But some items in your report might not actually be a result of a mistake you made. Sometimes, a company may incorrectly report something to credit bureaus, lowering your score in the process. 

Take the time to review your credit report and see if there are any inconsistencies.

If you do happen to find any inconsistencies, reach out to the credit bureau where the mistake was reported as well as the business who reported the error and file a dispute. 

Keep in mind that disputing errors can take time, so you might not see changes in your credit score reflected immediately. 

Once they are, you should see a considerable change reflected in your credit score if you otherwise make on-time payments. Check credit scores regularly to make sure no inconsistencies impact your credit score in the future too.

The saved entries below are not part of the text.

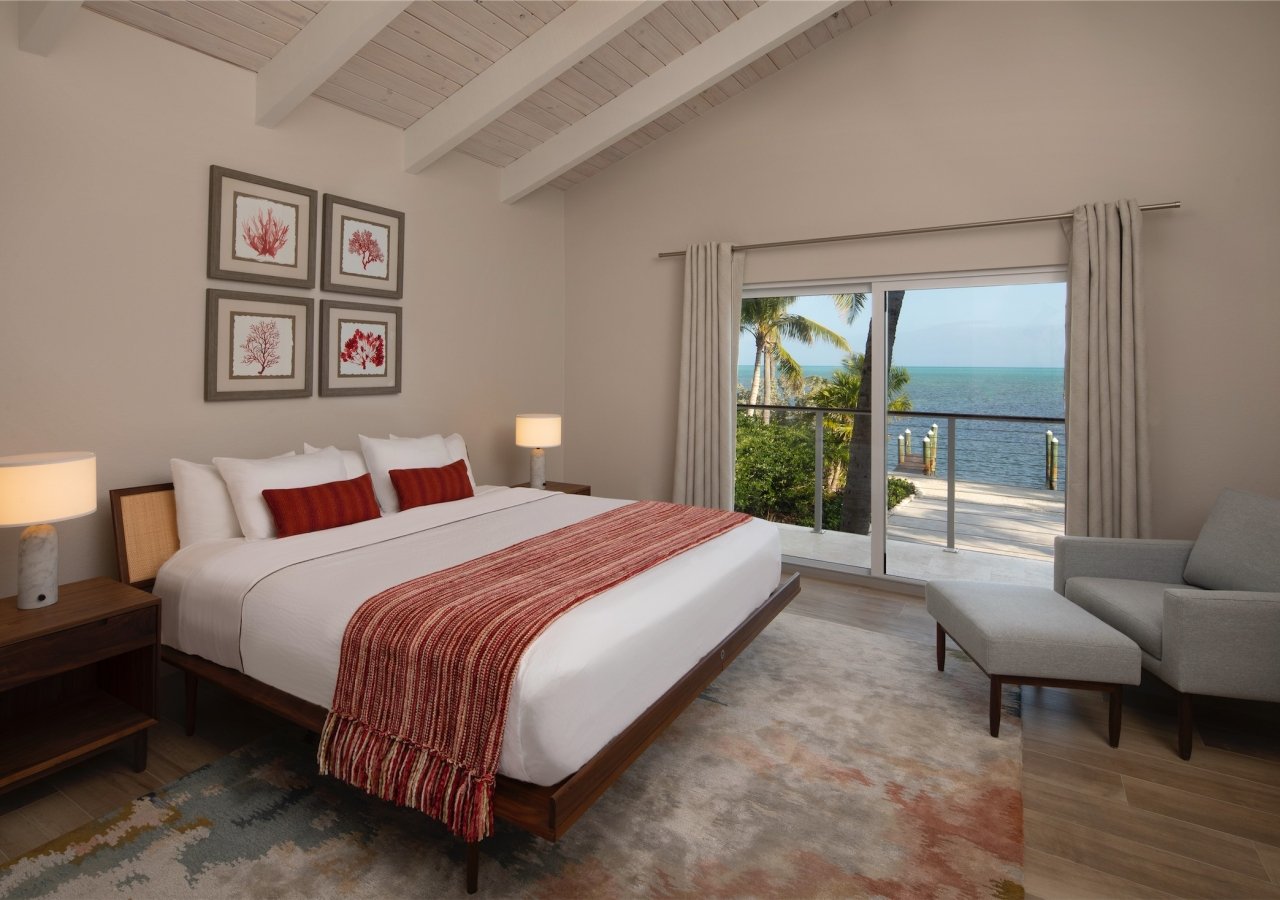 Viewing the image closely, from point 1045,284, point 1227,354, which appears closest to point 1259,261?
point 1227,354

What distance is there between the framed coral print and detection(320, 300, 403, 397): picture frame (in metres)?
0.26

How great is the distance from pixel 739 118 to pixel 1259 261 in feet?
10.1

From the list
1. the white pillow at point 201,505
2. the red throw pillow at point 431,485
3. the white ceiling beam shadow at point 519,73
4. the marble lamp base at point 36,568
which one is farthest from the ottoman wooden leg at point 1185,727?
the marble lamp base at point 36,568

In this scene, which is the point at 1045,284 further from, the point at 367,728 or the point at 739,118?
the point at 367,728

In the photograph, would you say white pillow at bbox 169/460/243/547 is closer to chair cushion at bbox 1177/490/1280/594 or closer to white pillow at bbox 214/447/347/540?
white pillow at bbox 214/447/347/540

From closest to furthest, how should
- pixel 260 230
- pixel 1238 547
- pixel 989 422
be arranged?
pixel 1238 547 < pixel 260 230 < pixel 989 422

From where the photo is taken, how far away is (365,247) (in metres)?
4.01

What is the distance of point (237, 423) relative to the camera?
3.50 meters

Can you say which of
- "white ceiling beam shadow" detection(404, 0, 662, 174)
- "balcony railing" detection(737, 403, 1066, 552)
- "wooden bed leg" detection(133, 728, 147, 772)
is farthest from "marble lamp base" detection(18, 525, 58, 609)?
"balcony railing" detection(737, 403, 1066, 552)

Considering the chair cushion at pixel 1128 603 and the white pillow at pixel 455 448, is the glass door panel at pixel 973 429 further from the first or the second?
the white pillow at pixel 455 448

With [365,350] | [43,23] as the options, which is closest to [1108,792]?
[365,350]

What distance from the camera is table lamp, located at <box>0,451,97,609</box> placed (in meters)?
2.18

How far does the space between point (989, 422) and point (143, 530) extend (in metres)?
4.47

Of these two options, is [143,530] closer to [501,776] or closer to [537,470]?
[501,776] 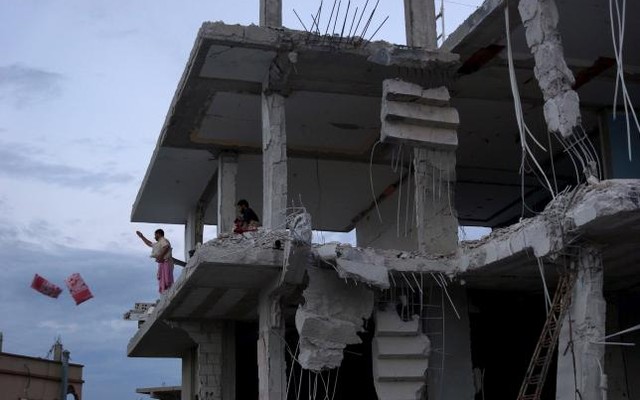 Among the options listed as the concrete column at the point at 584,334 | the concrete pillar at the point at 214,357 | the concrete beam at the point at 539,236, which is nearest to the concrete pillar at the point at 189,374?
the concrete pillar at the point at 214,357

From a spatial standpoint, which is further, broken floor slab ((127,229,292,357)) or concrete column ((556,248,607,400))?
broken floor slab ((127,229,292,357))

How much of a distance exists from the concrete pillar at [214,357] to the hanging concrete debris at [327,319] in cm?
388

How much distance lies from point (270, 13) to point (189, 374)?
860cm

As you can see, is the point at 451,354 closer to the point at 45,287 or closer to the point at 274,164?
the point at 274,164

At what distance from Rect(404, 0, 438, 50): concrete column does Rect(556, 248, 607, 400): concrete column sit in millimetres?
5047

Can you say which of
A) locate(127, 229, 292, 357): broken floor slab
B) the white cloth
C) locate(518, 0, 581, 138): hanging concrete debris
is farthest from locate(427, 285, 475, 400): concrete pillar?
the white cloth

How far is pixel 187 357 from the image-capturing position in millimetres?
18797

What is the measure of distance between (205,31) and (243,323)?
6209 millimetres

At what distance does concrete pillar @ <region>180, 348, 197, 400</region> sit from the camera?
1766 centimetres

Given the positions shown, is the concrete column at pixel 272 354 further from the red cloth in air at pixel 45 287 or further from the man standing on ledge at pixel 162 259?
the red cloth in air at pixel 45 287

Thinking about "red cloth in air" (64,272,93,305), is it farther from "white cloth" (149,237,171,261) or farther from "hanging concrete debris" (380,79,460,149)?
"hanging concrete debris" (380,79,460,149)

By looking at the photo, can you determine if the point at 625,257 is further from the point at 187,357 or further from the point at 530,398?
the point at 187,357

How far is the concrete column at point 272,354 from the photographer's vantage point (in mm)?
11781

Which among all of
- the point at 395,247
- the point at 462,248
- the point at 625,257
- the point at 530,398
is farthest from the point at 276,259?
the point at 395,247
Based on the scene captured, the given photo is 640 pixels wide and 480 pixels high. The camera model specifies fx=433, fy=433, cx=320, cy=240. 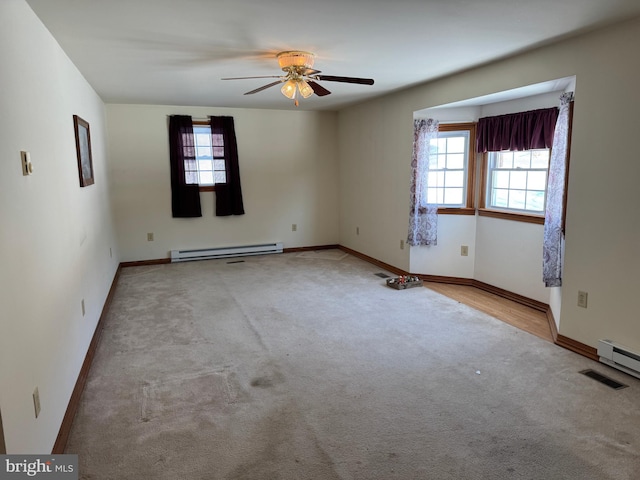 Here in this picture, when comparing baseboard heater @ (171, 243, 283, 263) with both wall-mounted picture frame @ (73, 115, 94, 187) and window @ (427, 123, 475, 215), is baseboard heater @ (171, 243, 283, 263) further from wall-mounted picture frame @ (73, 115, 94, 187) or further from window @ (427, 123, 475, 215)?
window @ (427, 123, 475, 215)

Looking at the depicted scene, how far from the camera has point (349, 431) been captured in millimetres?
2359

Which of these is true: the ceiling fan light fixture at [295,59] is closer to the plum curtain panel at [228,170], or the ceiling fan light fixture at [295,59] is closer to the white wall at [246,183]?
the plum curtain panel at [228,170]

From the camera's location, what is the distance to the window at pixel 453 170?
520 cm

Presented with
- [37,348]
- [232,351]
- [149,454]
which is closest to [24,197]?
[37,348]

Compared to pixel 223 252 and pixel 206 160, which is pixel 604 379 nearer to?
pixel 223 252

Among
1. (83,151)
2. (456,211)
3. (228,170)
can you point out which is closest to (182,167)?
(228,170)

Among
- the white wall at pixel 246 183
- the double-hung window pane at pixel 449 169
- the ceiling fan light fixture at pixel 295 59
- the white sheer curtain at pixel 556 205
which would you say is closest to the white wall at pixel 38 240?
the ceiling fan light fixture at pixel 295 59

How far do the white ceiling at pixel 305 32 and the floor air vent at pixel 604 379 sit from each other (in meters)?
2.34

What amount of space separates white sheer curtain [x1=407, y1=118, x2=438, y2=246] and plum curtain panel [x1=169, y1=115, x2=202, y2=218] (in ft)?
10.8

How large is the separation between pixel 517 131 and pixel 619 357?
2425mm

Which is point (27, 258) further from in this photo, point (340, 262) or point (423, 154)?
point (340, 262)

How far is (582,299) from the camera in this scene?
3.30 metres

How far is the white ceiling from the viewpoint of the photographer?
2510 millimetres

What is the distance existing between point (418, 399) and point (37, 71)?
118 inches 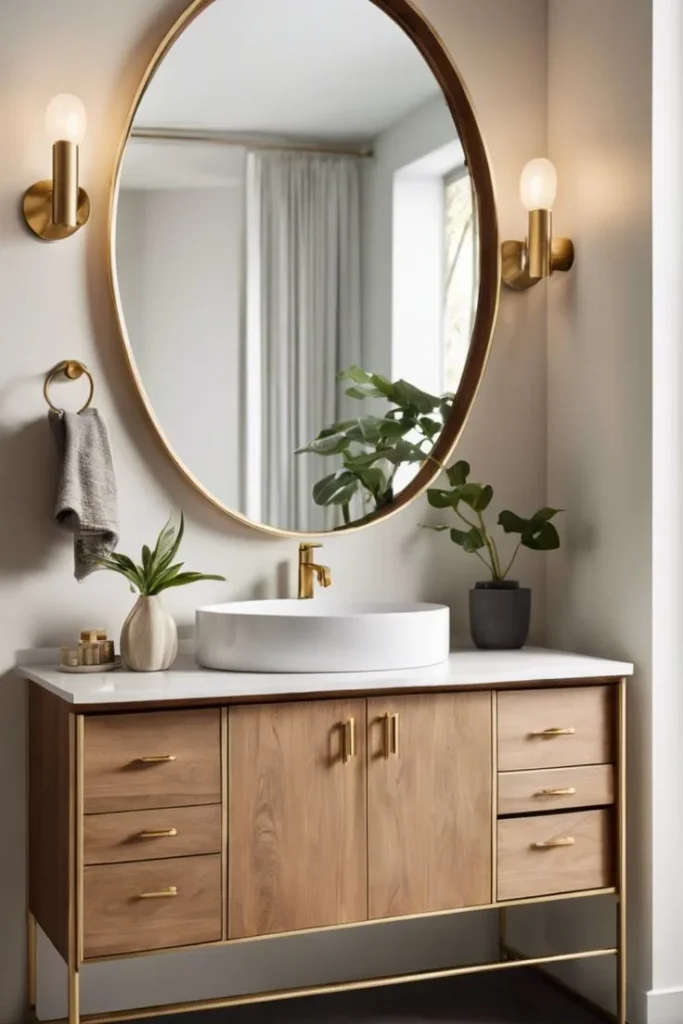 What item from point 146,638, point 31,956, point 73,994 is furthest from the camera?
point 31,956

Get Your Credit Utilization to Less Than 10%

The general rule of thumb in maintaining good credit is to use less than 30% of your available credit. But if you’re looking to skyrocket your credit, you’re going to need to keep your credit utilization below 10%. 

Fortunately, you have several ways you can achieve this. Here are some of the options at your disposal. 

Option 1: Pay Off Your Credit Card Bill

If you’re someone who follows the 30% rule, paying off credit cards can help you boost your score.

This will help clear all of your credit and get you back to zero. Then, focus on using your card sparingly or adjust your bills to where you’re only using one to nine percent of your available credit line. 

Using substantially less credit (if you’re engaging in other good credit habits) will result in major positive changes to your credit that are reflected almost immediately. 

Of course, this isn’t just advice that you should use if you need a short-term boost. Using less credit is a good strategy to follow if you’re aiming to get a perfect score or even if you plan on making a major investment, like purchasing a new home. 

Option 2: Get a New Credit Card

Applying for a new line of credit is going to naturally affect your credit. 

The first reason why this happens is because there’s a hard inquiry. This will have a brief impact on your credit, but you’ll quickly rebound if you’re staying on top of your credit and sticking to good habits. 

The second reason is that you’re opening a new credit account, which makes up 10% of your FICO credit score. Again, the impact here is rather minimal unless you’re opening a host of credit accounts at once, which can throw up red flags to lenders. 

So, why is this a good strategy if you want to lower your credit utilization? By getting a new credit card, you’re going to increase your available credit limit, automatically reducing the percentage of the credit that you’re using. 

If you’re strategic and you open the right account, you can quickly decrease your credit utilization. Then, you just have to be mindful of how much you’re using on each account so you don’t overextend yourself later on. 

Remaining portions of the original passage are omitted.